Kofi Annan urges restrictions onf biotechnology

Reuters is reporting on a speech by Kofi Annan, Secretary General of the United Nations, in which he

warned of “catastrophic” results if recent advances in biotechnology, including gene manipulation and work with viruses, fell into the wrong hands.

He also said

“We lack an international system of safeguards to manage those risks,” he said. “Scientists may do their best to follow rules for responsible conduct of research. But efforts to harmonize these rules on a global level are outpaced by the galloping advance of science itself.”

He even suggests that the time is ripe for international governing bodies much like was done for nuclear energy in the 1950s. Is this a ploy to use the current animosity towards biotechnology in Europe to give the UN something new to do? Clearly, the US would not sign on to such things with the current administration (or probably any administration). But I certainly find it interesting that he is pushing this. I wonder if he is specifically worried about synthetic biology too or if this is just more concern for genetic engineering in general.

Author: Jonathan Eisen

I am an evolutionary biologist and a Professor at U. C. Davis. (see my lab site here). My research focuses on the origin of novelty (how new processes and functions originate). To study this I focus on sequencing and analyzing genomes of organisms, especially microbes and using phylogenomic analysis

3 thoughts on “Kofi Annan urges restrictions onf biotechnology”

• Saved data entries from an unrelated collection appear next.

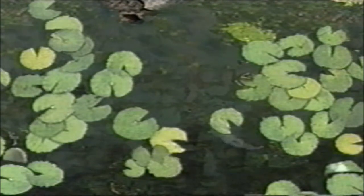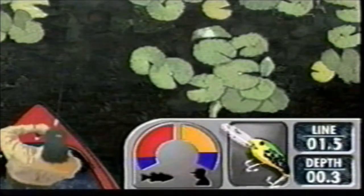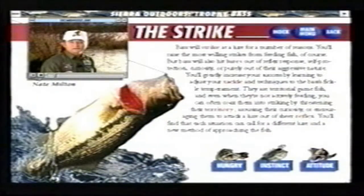Now anyone can learn to fish like the pros. In fact, America's top bass pros are inside Sierra's Trophy Bass with hundreds of tips in the multimedia how-to section. All sorts of things can affect a bass's willingness to strike.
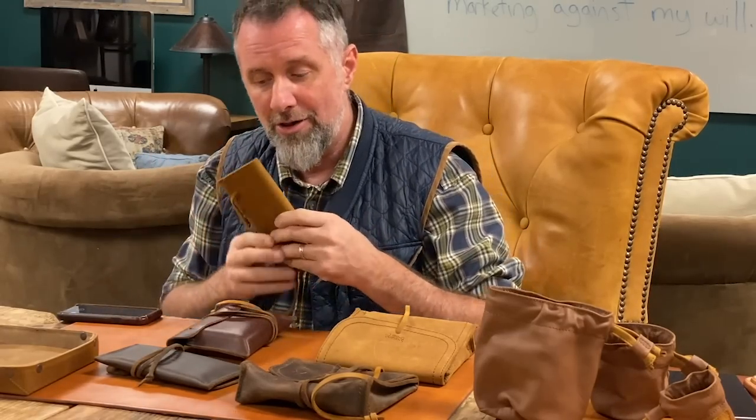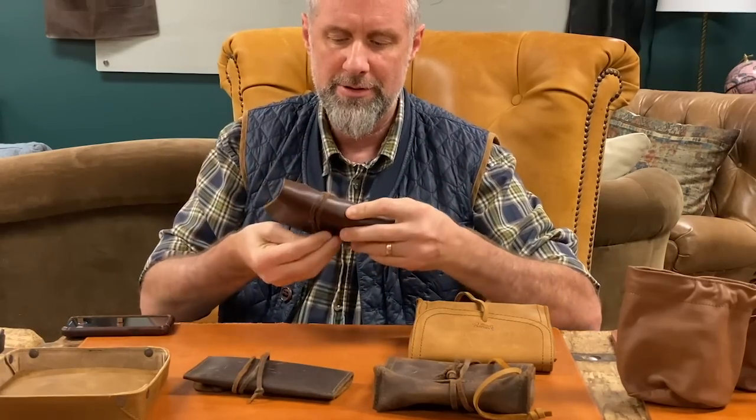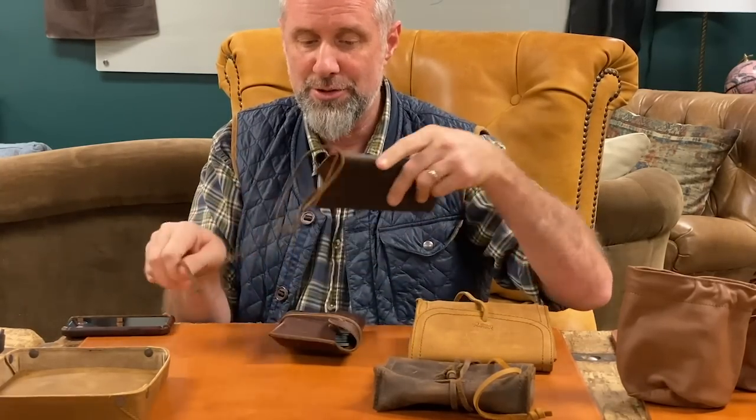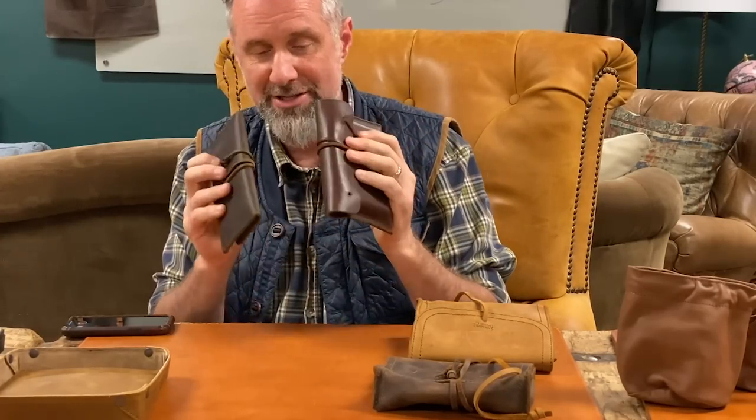This is what we travel with every single time. We have five passports — my mother-in-law comes with us — so it's the Family Passport Holder. I just wrap it up and it goes in my satchel. Suzette carries this too because a lot of places we go, you cash a hundred dollars and get a big stack of bills — Rwanda, Central African francs, wherever. So we keep our currency in the Cash and Receipt Bag.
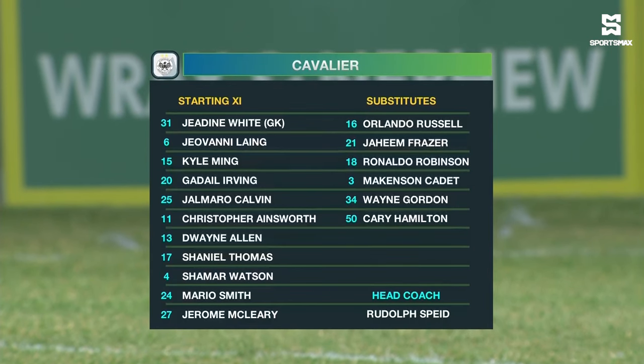Up top: Shanil Thomas, Jerome McCleary — the 20-year-old from Antigua and Barbuda — Jalmara, Calvin.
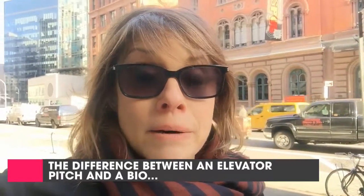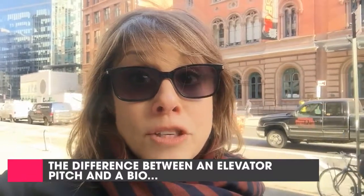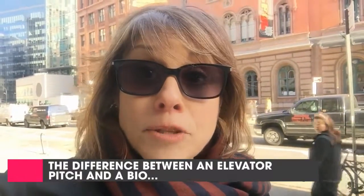Hey there, it's me Sharon Haver with today's Focus on Style quick tip: the difference between an elevator pitch and a bio. This trips a lot of entrepreneurs up, because marketing gurus teach you to say something to the effect of 'I help blank do blank so that they can blank.'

  1. Oohhh … I completely missed this. If only I could have been a fly on the wall in the discussions to put this out. I would predict that this is going to be one of those things where people ten years from now say “What were they thinking.” Apparently, rather than simply tyr and come up with words creating specific legislation about synthetic biology, they have decided to take the general approach and say the government should start regulating DNA sequences. I hope that this is just a misquote of somethig Claire said, but if true could be a very slippery slope.


  2. Between fears of bioterror and the dogmas of the Religious Right (which even the Democrats pander to), the future of biotech in the US doesn’t look that promising. And the Green paranoia about “Frankenfood” and opposition to animal research in Europe doesn’t give me much hope either. Personally, I suspect that China will emerge as the biotech leader — and I doubt they will give two beans about what the UN says.